*** Extracted records Section Begins ***

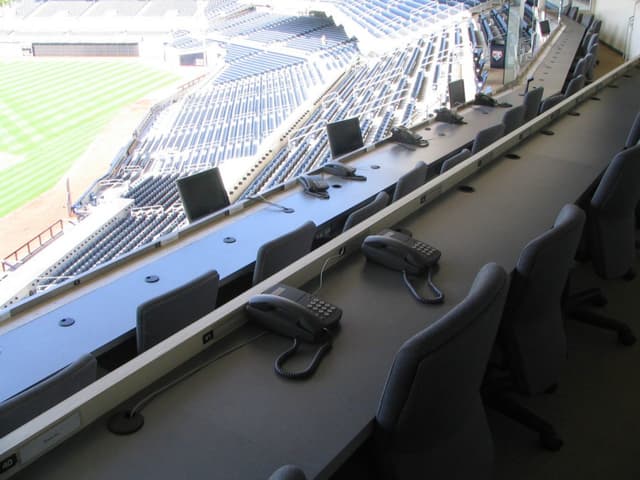 Press-box-1-1333x1000.jpg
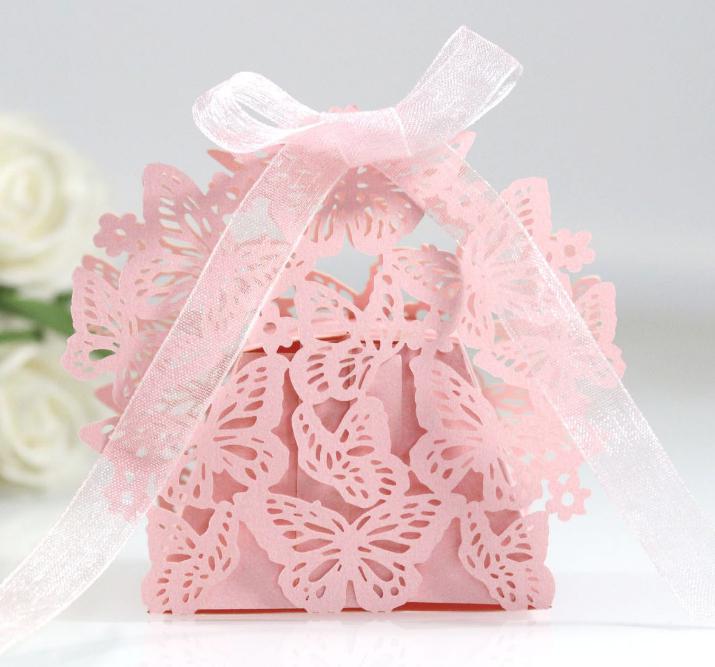2021 Wholesale Butterfly Hollow Laser Cut Wedding Candy Favor Boxes Personality Hollow Wedding Butterfly Candy Chocolates Box Favor Holders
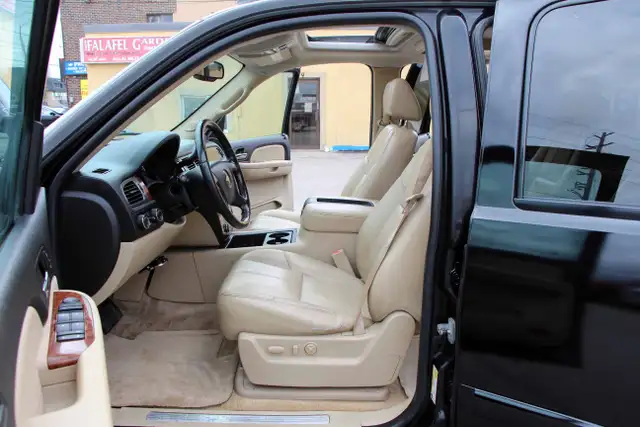 2007 Chevrolet Suburban LT 4x4 7-Pass Loaded Certified2 Year W - Photo 21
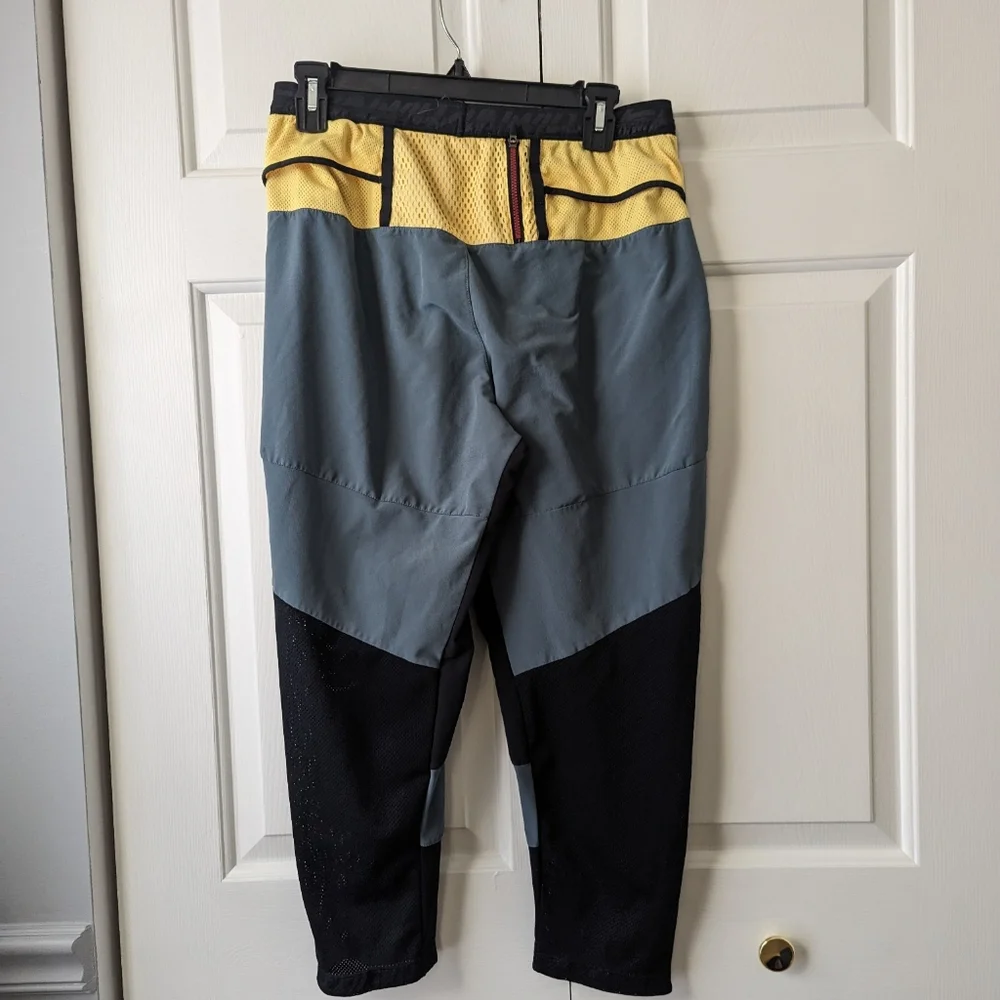 Men's Nike Phenom Elite Wild Running 7/8 Pants Hasta Black DA1152-387 - Picture 3 of 5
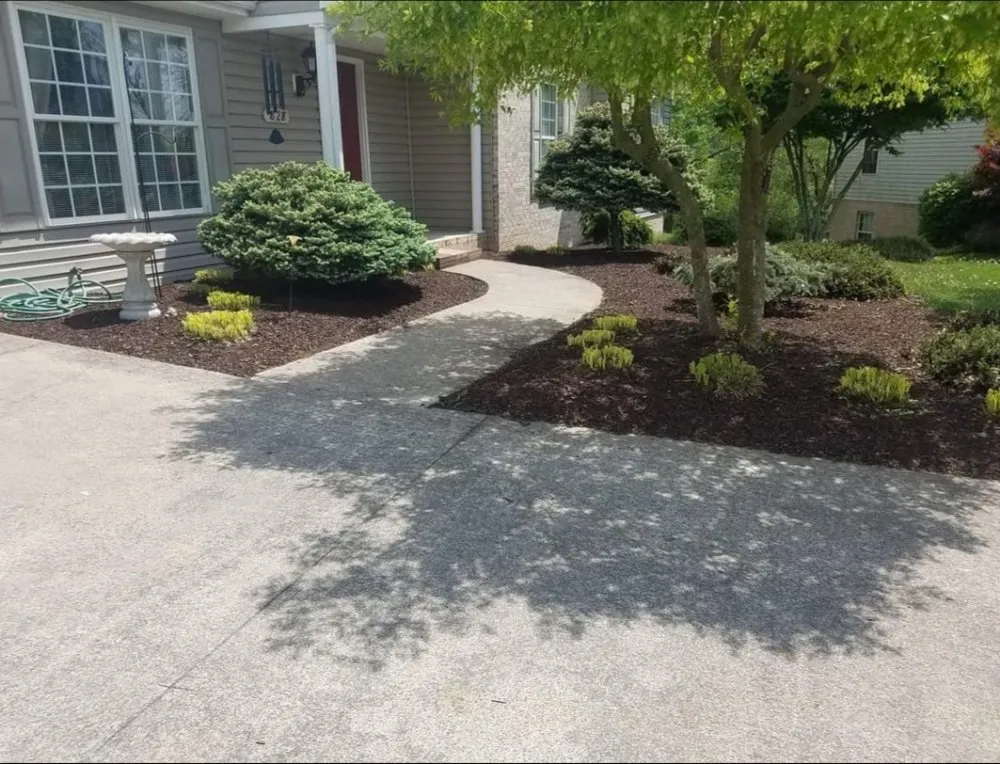 Custom residential landscaping in Green Forest, AR - The Man on the Hill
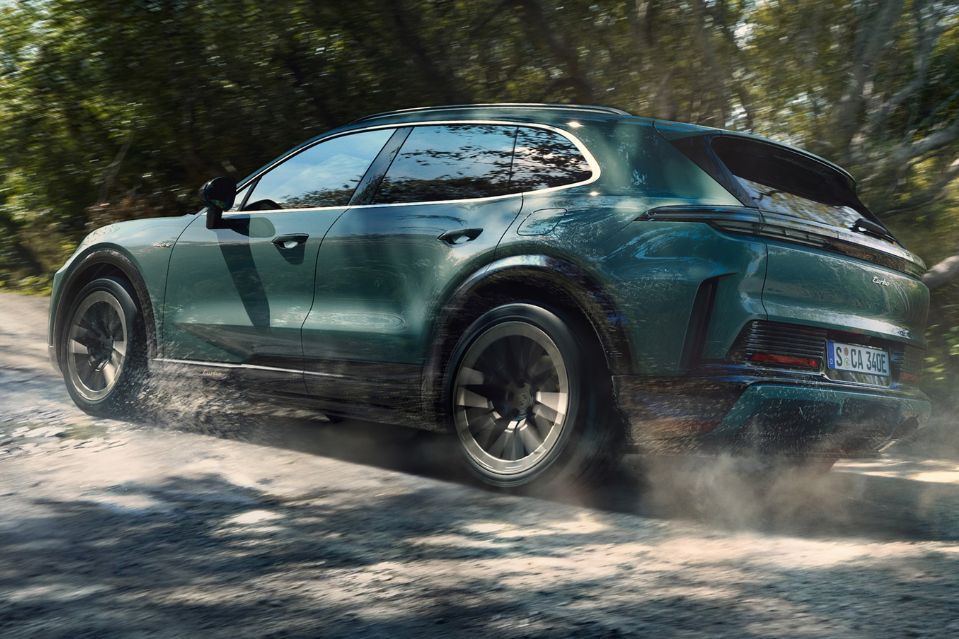 Porsche Cayenne Electric rear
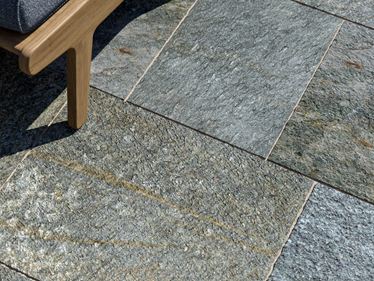 Terrassenplatte Gneis Luserna Schrägaufnahme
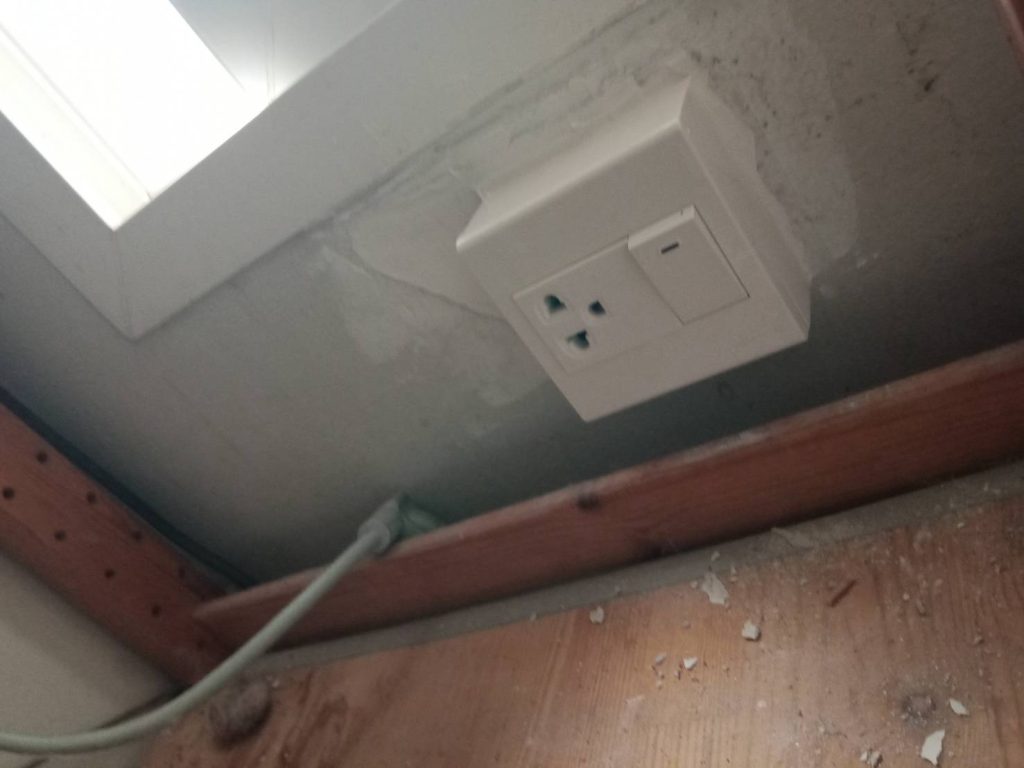 ปลั๊กและสวิตช์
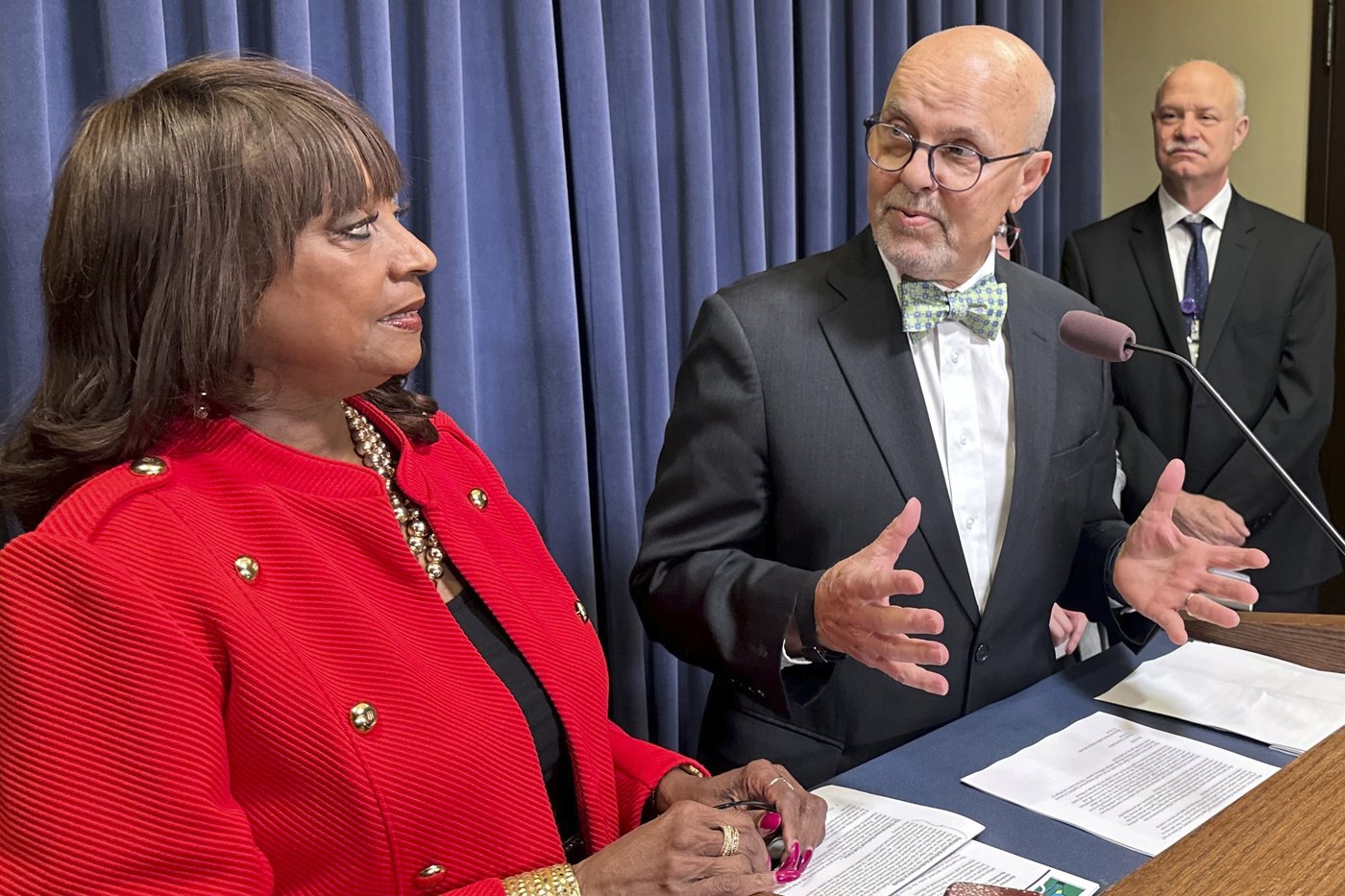 Panel advises Illinois commemorate its role in helping slaves escape the South | iNFOnews.ca Panel advises Illinois commemorate its role in helping slaves escape the South | iNFOnews.ca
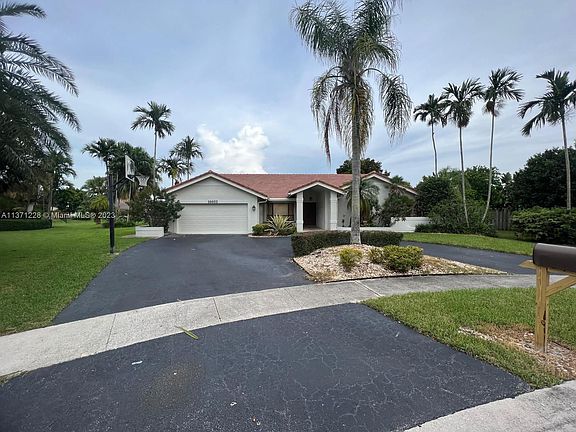 2nd image of 10032 NW 13th Ct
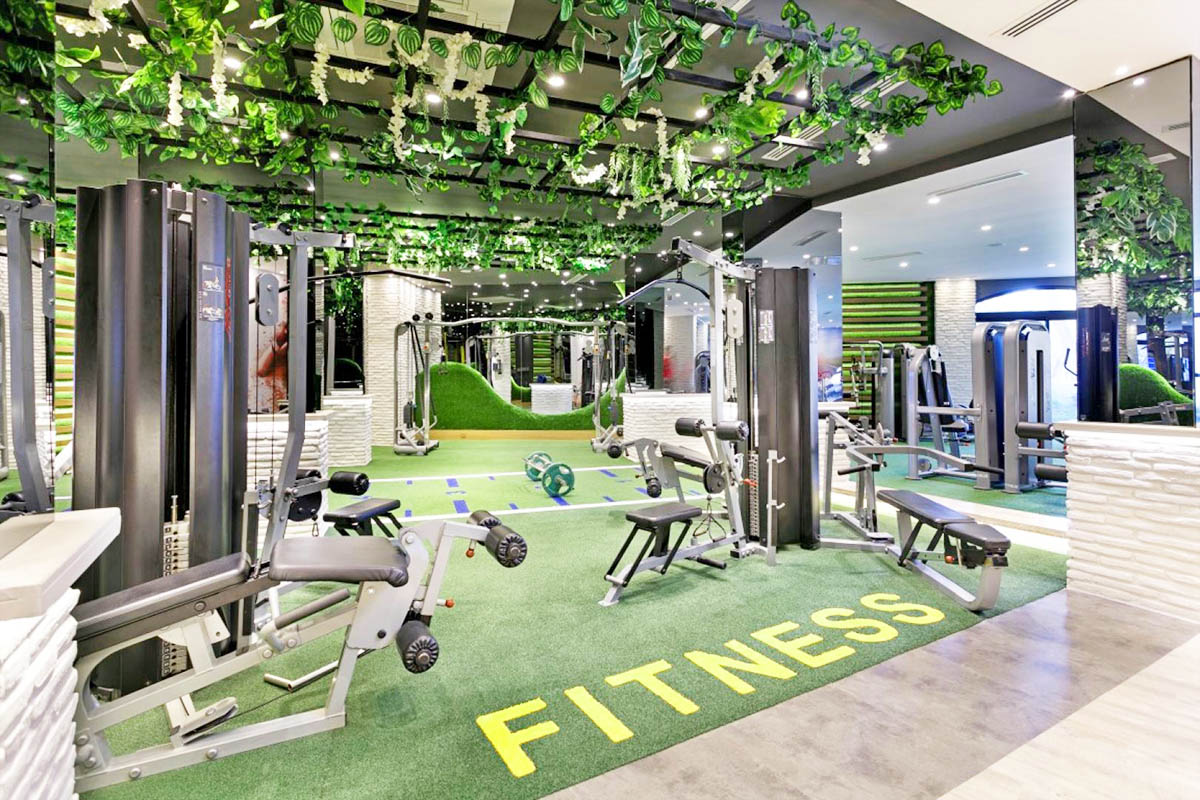 cheap resort hotels to Spend holiday with family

*** Extracted records Section Ends ***

:: What you are asked to do ::
Set down again, word for word, every line from the one with "2007 Chevrolet Suburban" to the one with "ปลั๊กและสวิตช์" in the entries above, and omit the pictures.

:: Task answer ::
 2007 Chevrolet Suburban LT 4x4 7-Pass Loaded Certified2 Year W - Photo 21
 Men's Nike Phenom Elite Wild Running 7/8 Pants Hasta Black DA1152-387 - Picture 3 of 5
 Custom residential landscaping in Green Forest, AR - The Man on the Hill
 Porsche Cayenne Electric rear
 Terrassenplatte Gneis Luserna Schrägaufnahme
 ปลั๊กและสวิตช์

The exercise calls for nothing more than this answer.